February 26, 2004

Extension for 9/11 Commission Denied. House Speaker Dennis Hastert will not extend the May 27 deadline for the 9/11 Commission to finish its work. From Hastert's spokesman: "He thinks the report is overdue and we need to get the recommendations as soon as possible. He is also concerned it will become a political football if this thing is extended and it is released in the middle of the presidential campaign." Calpundit asks: "Aren't you supposed to at least pretend that you're motivated solely by what's best for the country? But here we have Hastert's spokesman blithely admitting in public that he doesn't want to let the commission do its job properly because it might be politically inconvenient for the president. They don't even have the good grace to lie about this stuff anymore."

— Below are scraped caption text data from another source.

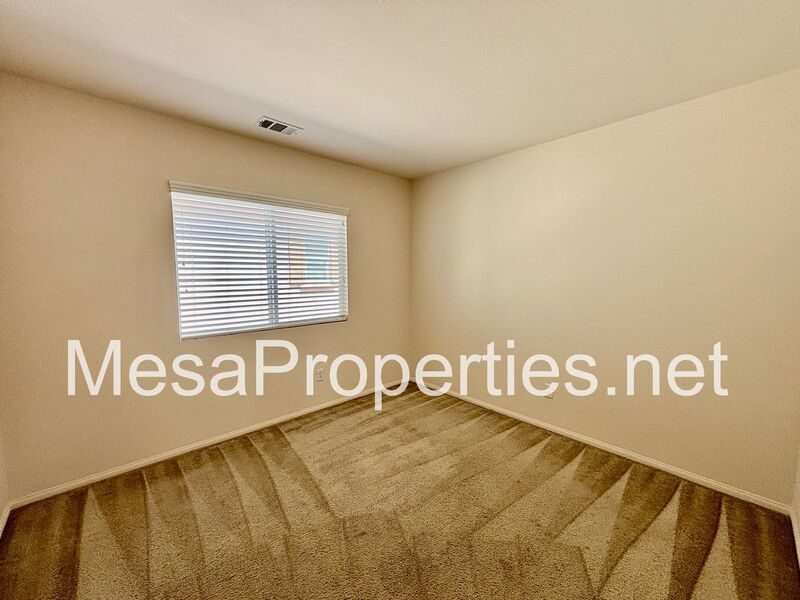 Large 4 Bedroom/3 Bath Home with 3 Car Garage in Fontana! property image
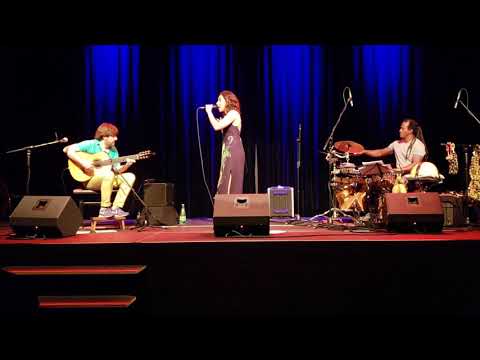 Catimbó- Thamires Tannous, Michi Ruzitschka  e Luis Ribeiro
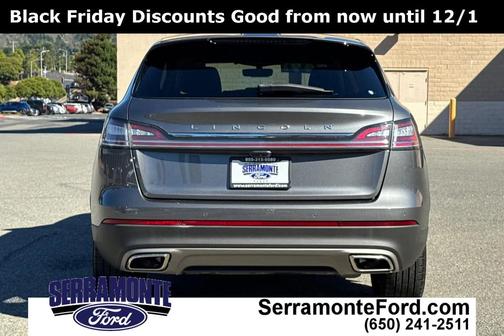 2022 Lincoln Nautilus Standard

George Bush and Dick Cheney "have placed strict limits on the private interviews they will grant to the [Commission], saying that they will meet only with the panel's top two officials and that Mr. Bush will submit to only a single hour of questioning ... Condoleezza Rice, the national security adviser, [has] rejected [the Commission's] request that she testify in public about the intelligence reports that reached her desk before the Sept. 11 attacks." ... Commission member Bob Kerrey (who joined the Commission only recently, replacing Max Cleland) is considering resigning because of the ongoing obstruction from the Bush administration. "I am no longer ... feeling comfortable that I'm going to be able to read and process what I need in order to participate in writing a report about how it was that 19 men defeated every single defensive system the US put up to kill 3,000 Americans on Sept. 11."

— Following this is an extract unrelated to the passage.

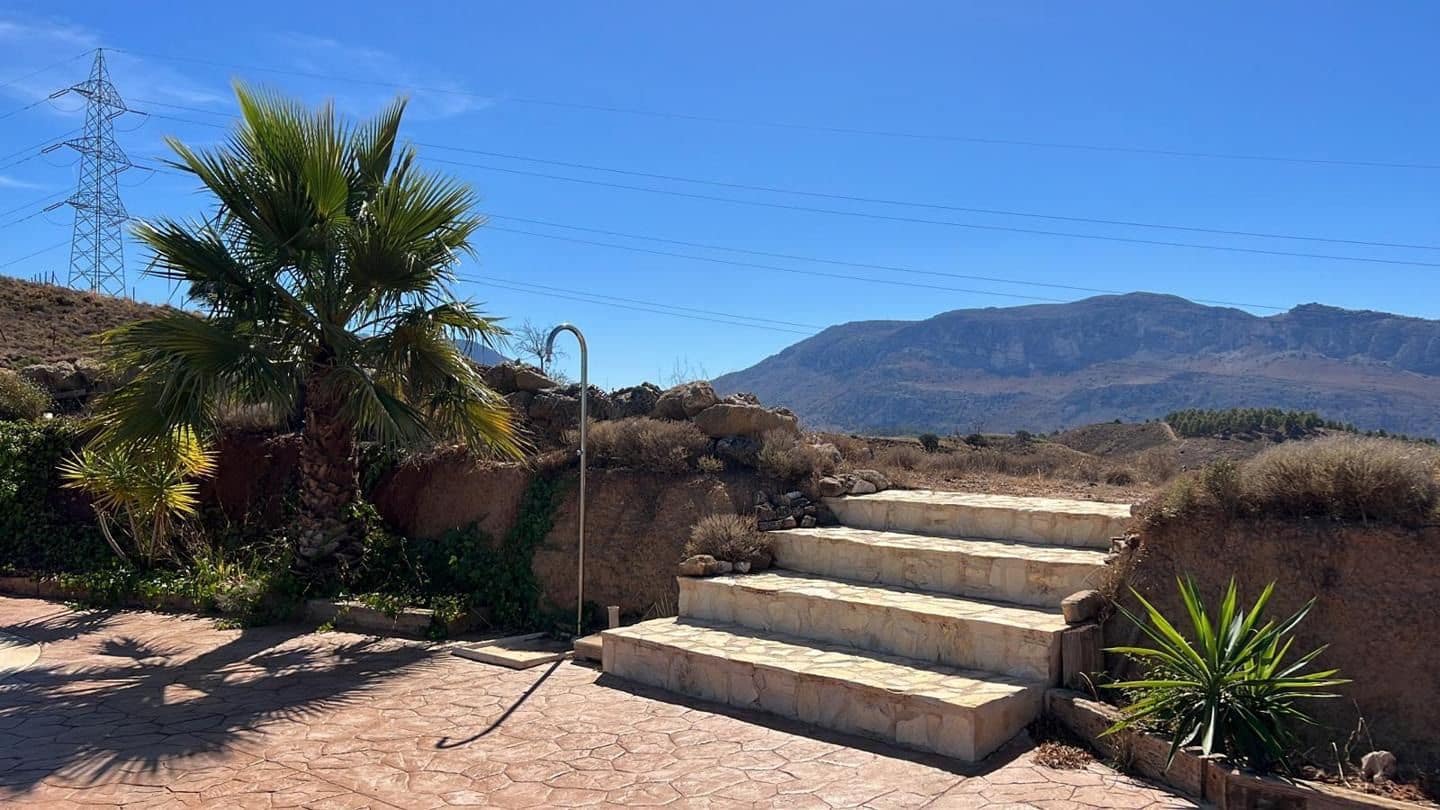 Rakentamaton maa myytävänä paikassa Antequera - 200 000 € (Ref: 9228150)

"British spies were bugging UN Secretary General Kofi Annan's office in the run up to the Iraq war, former UK cabinet minister Clare Short has claimed. ... From March 2003: "The existence of the surveillance operation, understood to have been requested by President Bush's National Security Adviser, Condoleezza Rice, is deeply embarrassing to the Americans..." (More) ... "Pentagon officials have confirmed that Guantanamo detainees may still be kept in detention, even if they are found not guilty by a military tribunal."

The first Gallup poll conducted on the issue of interracial marriage showed that 94% of whites opposed such unions. That was in 1958, nine years before the Supreme Court ruled in Loving v. Virginia that miscegenation laws were unconstitutional. Someday this country will view same-sex marriage in the same light most of us now view interracial marriage.